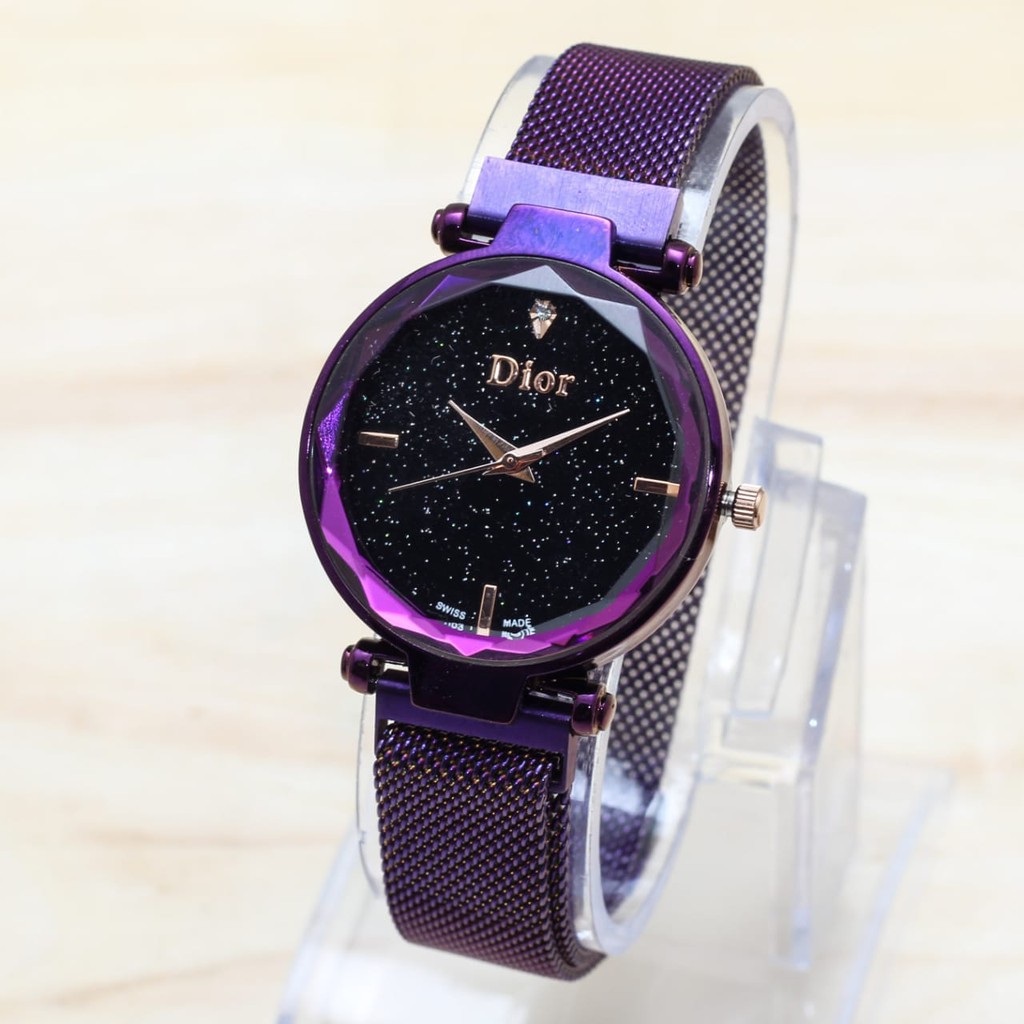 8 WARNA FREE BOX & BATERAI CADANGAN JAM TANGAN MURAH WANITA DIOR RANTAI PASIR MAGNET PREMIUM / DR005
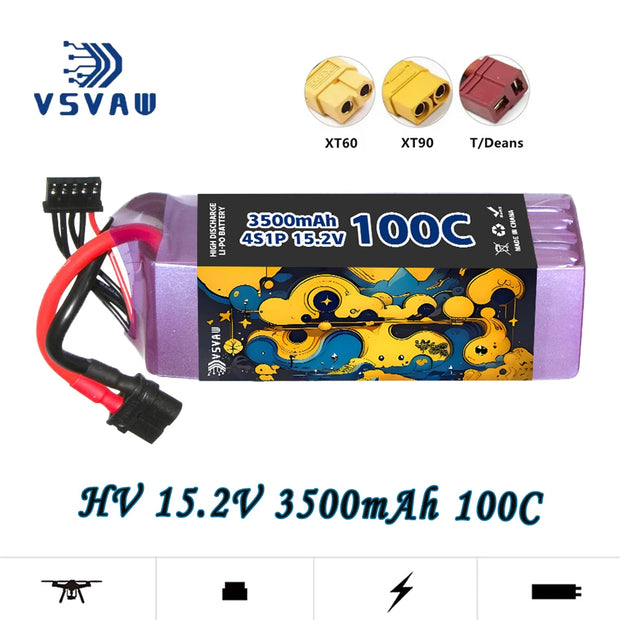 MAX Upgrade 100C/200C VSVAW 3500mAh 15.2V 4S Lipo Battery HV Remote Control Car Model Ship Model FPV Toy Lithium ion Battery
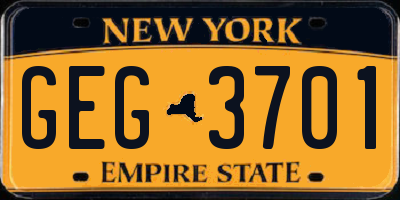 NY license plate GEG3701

> WORK ORDER
Every line above is to be reproduced verbatim, and the pictures are to be omitted.

> TASK RESPONSE
 8 WARNA FREE BOX & BATERAI CADANGAN JAM TANGAN MURAH WANITA DIOR RANTAI PASIR MAGNET PREMIUM / DR005
 MAX Upgrade 100C/200C VSVAW 3500mAh 15.2V 4S Lipo Battery HV Remote Control Car Model Ship Model FPV Toy Lithium ion Battery
 NY license plate GEG3701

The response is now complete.